The vacuum is full of particles
One of the basic ideas of Albert Einstein's theory of relativity is: Measurement results can depend on the state of motion of the observer. How fast does a clock tick? How long is an object? What is the wavelength of a ray of light? There is no universal answer to this, the result is relative - it depends on how fast the observer is moving. But what about the question of whether a certain area of space is empty or not? Shouldn't two observers at least agree on that?
No - because what looks like a perfect vacuum to one observer can be a turbulent swarm of particles and radiation to the other. The Unruh effect, discovered in 1976 by William Unruh, says that for a strongly accelerated observer the vacuum has a temperature. This is due to so-called virtual particles, which are also responsible for other important effects, such as Hawking radiation, which causes black holes to evaporate.

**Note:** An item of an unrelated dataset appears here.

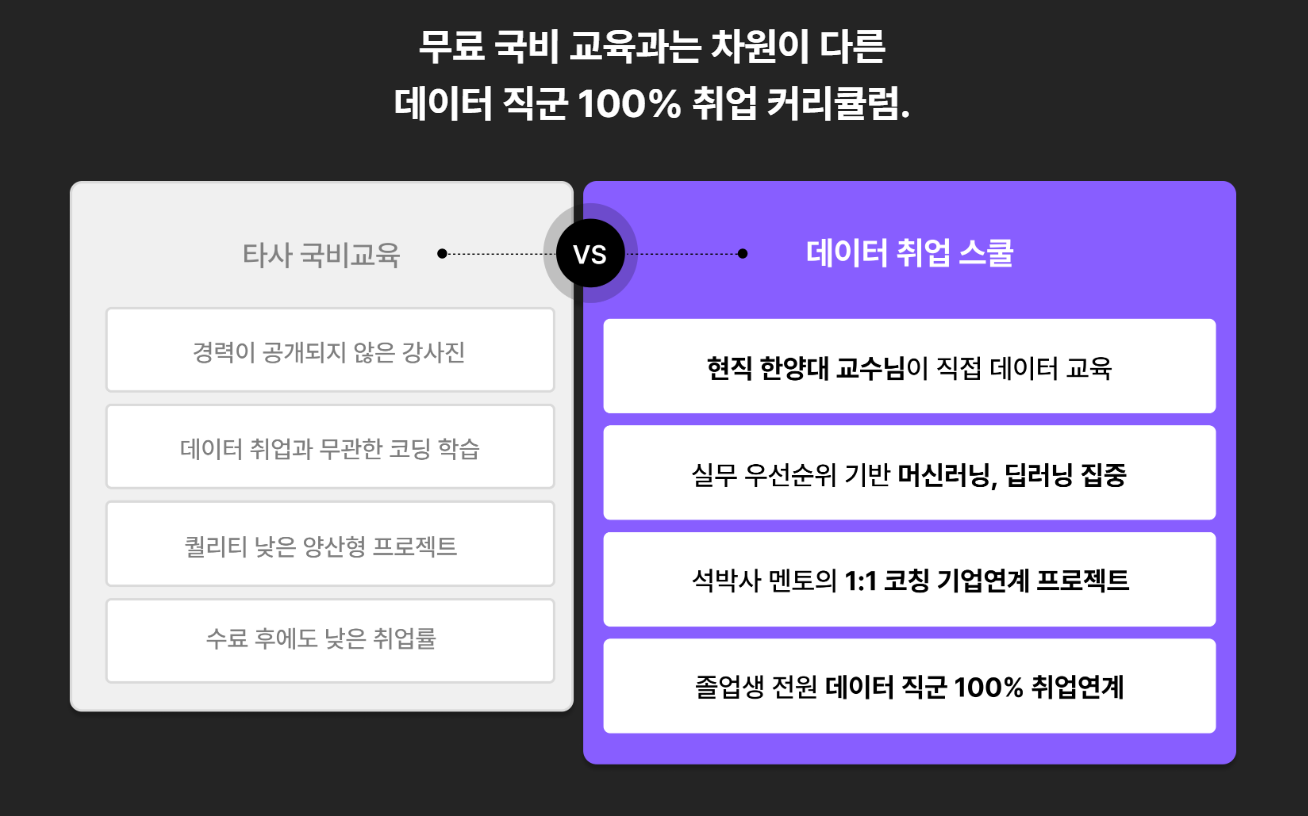 현직 한양대 교수님이 직접 가르치는 데이터 취업 스쿨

"To observe the Unruh effect directly, as William Unruh described it, is completely impossible for us today," explains Dr. Sebastian Erne who came from the University of Nottingham to the Atomic Institute of the Vienna University of Technology as an ESQ Fellow a few months ago. “You would need a measuring device accelerated to almost the speed of light within a microsecond to see even a tiny Unruh-effect -we can't do that.” However, there is another way to learn about this strange effect: using so-called quantum simulators.
Quantum simulators
“Many laws of quantum physics are universal. They can be shown to occur in very different systems. One can use the same formulas to explain completely different quantum systems,” says Jörg Schmiedmayer from the Vienna University of Technology. "This means that you can often learn something important about a particular quantum system by studying a different quantum system."
“Simulating one system with another has been especially useful for understanding black holes, since real black holes are effectively inaccessible,” Dr. Cisco Gooding from the Black Hole laboratory emphasizes. “In contrast, analogue black holes can be readily produced right here in the lab.”
This is also true for the Unruh effect: If the original version cannot be demonstrated for practical reasons, then another quantum system can be created and examined in order to see the effect there.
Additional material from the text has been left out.